Now, the idea of racial superiority is in a similar position to smoking. Large numbers of people still adhere to it, but their ability to indulge in public is restricted. Because it is absent from polite society, it can have an effect without facing critical scrutiny. It jostles below the surface, alongside a vague feeling that human societies are complex things which must be shaped by more than a single influence. Even vaguer, however, is our grasp of what those influences might be.

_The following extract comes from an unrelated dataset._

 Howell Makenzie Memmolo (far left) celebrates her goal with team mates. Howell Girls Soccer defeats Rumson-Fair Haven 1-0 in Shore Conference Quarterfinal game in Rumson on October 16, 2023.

Jared Diamond aims to provide a popular account of these influences, and how they have played out in all corners of the world. He brings good news. First, race doesn't matter. If alien scientists had transferred the prehistoric Australians to Britain, and vice versa, the former would have taken up farming, forged metal tools and perhaps sent fleets to force the Antipodeans out of the Stone Age. Like Europeans around the world, they would have achieved this mainly by bringing in germs to which local populations had no immunity, as well as by guns and blades.
Second, the choice is not between claims based on race alone, and counter- arguments that depend on multiple factors so elusive that one can only gesture in their direction. There are, Diamond asserts, just four major influences over the fortunes of peoples. These are the availiabilty of plant and animal species suitable for domestication; the orientation of land masses; their connections with each other, and their area or population size.
Eurasia came out on top on all counts. It gave its human inhabitants species such as sheep, rather than kangaroos. It lies east to west, with fewer climatic barriers to the movement of exploitable species than in north-south continents such as Africa. Eurasia was isolated from the Americas and Australia, restricting the diffusion of its livestock or technology. And its size encouraged innovation, with more societies in competition.
The basic simplicity of Diamond's model makes Guns, Germs and Steel a pleasure to read. As one ranges across the continents, ways of life, crops, alphabets and political forms, the blank areas in the atlas of humankind seem to fill up with landmarks and terrain. The book serves as a sketch of how he would like historical study to develop, as science rather than one damn fact after another.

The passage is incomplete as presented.